Dataset excerpt:

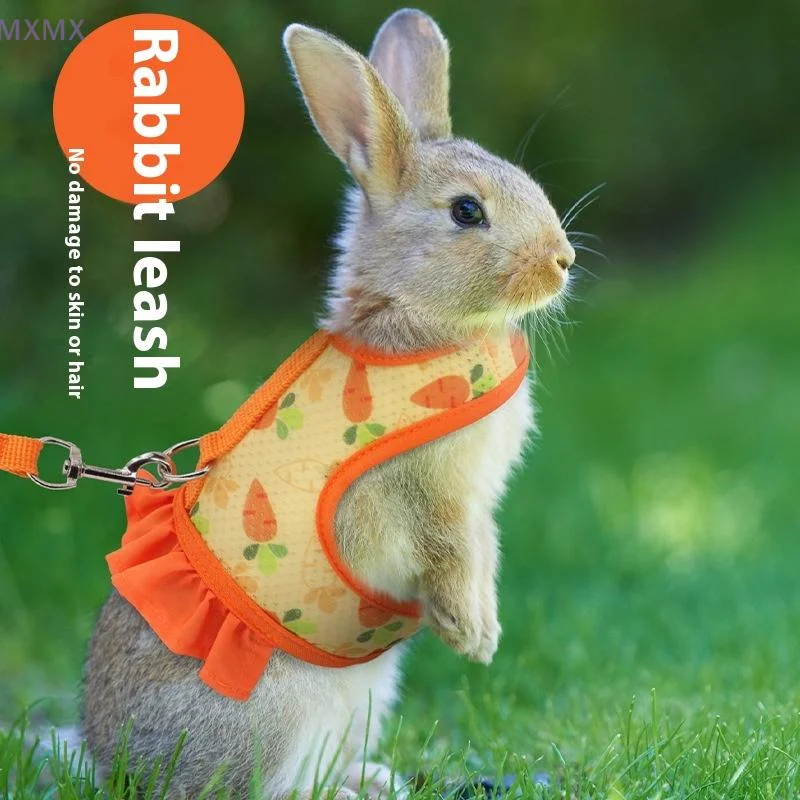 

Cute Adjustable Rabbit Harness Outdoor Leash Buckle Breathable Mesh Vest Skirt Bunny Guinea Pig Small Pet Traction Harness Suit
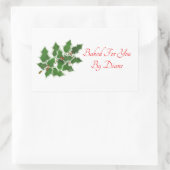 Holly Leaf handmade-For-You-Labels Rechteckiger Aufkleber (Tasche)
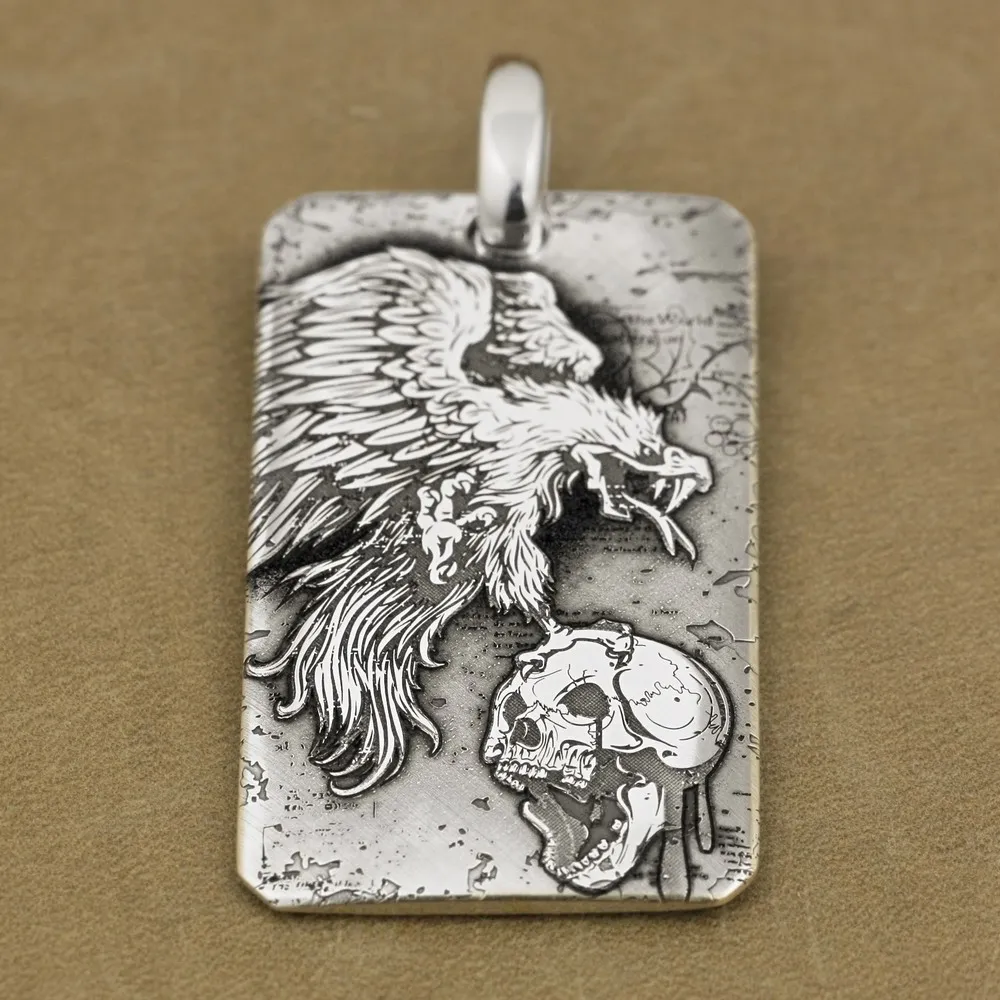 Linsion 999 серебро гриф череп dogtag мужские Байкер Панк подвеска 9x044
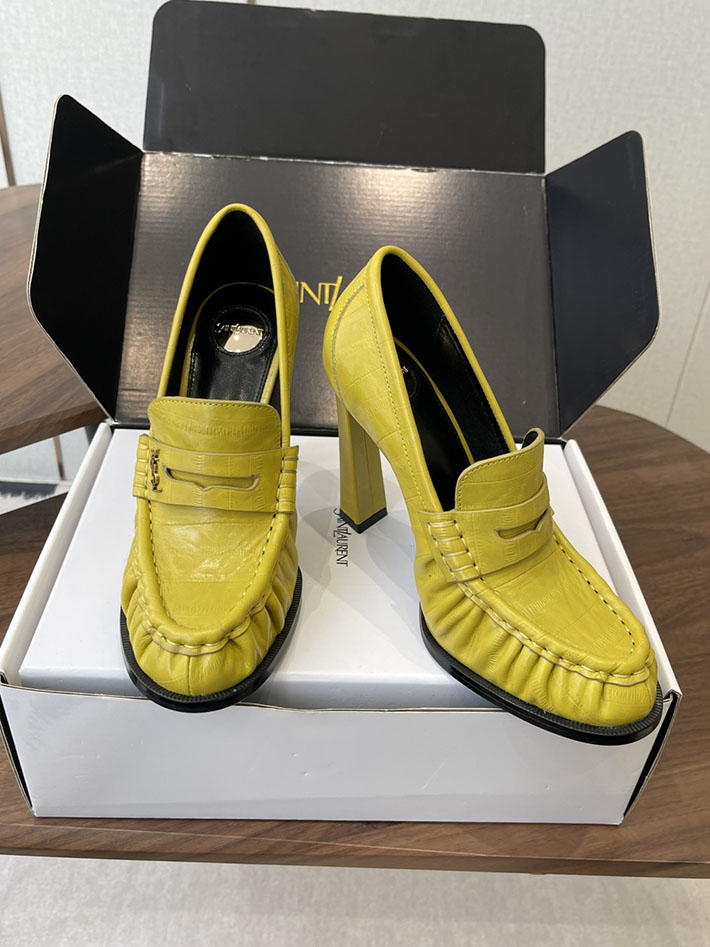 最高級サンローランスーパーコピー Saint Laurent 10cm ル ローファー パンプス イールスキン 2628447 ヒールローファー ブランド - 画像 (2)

Work item: Exactly the lines from the one that contains "Holly Leaf handmade-For-You-Labels" to the last line of the data, both included, should be set down, and no pictures should appear among them.

Result:
 Holly Leaf handmade-For-You-Labels Rechteckiger Aufkleber (Tasche)
 Linsion 999 серебро гриф череп dogtag мужские Байкер Панк подвеска 9x044
 最高級サンローランスーパーコピー Saint Laurent 10cm ル ローファー パンプス イールスキン 2628447 ヒールローファー ブランド - 画像 (2)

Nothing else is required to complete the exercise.